# [DATASET ENTRIES]
======

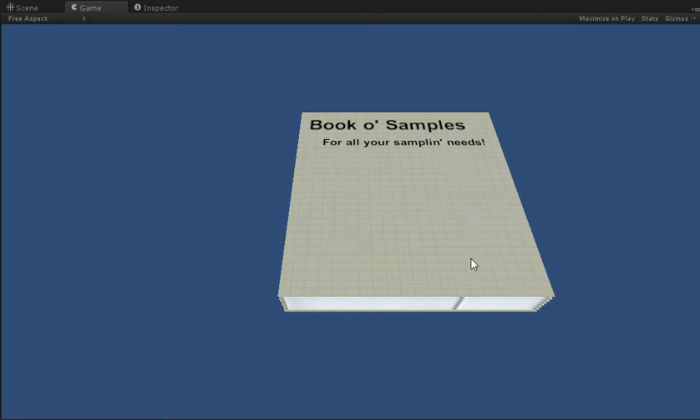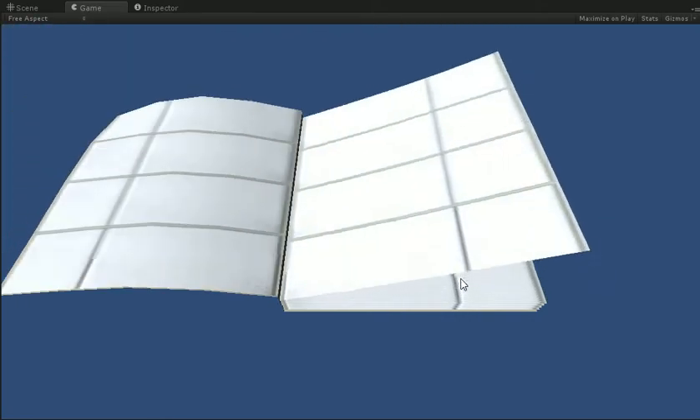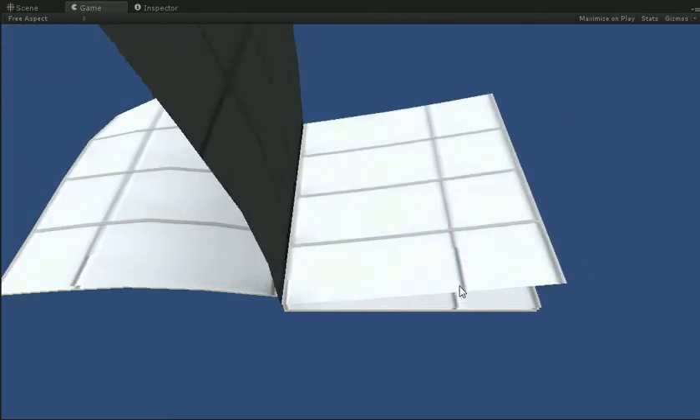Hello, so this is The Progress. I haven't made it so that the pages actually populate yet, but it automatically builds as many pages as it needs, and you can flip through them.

======

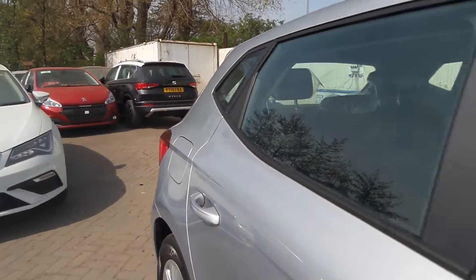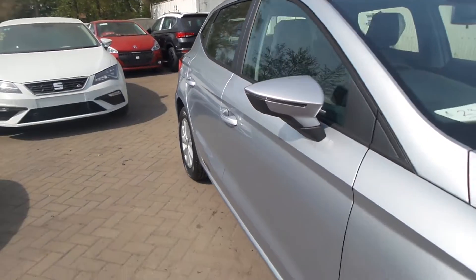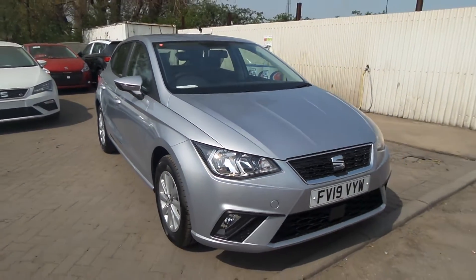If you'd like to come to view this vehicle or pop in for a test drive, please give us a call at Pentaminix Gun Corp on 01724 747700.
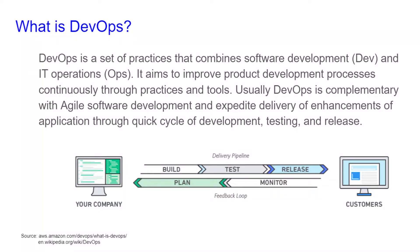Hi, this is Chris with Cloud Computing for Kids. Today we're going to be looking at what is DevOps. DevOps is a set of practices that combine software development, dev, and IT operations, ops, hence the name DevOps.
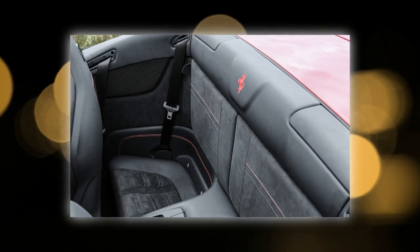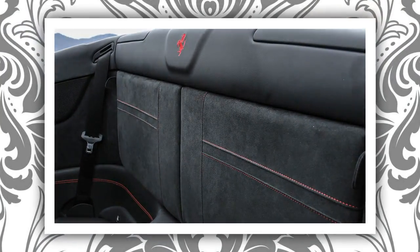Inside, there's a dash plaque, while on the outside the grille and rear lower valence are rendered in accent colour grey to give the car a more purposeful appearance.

======

# [EXERCISE REQUIREMENTS]
Only the lines between the one with "If you'd like" and the one with "Inside, there's a", those two included, get copied from the material above. Keep it exact and free of pictures.

# [RESULT]
If you'd like to come to view this vehicle or pop in for a test drive, please give us a call at Pentaminix Gun Corp on 01724 747700.
Hi, this is Chris with Cloud Computing for Kids. Today we're going to be looking at what is DevOps. DevOps is a set of practices that combine software development, dev, and IT operations, ops, hence the name DevOps.
Inside, there's a dash plaque, while on the outside the grille and rear lower valence are rendered in accent colour grey to give the car a more purposeful appearance.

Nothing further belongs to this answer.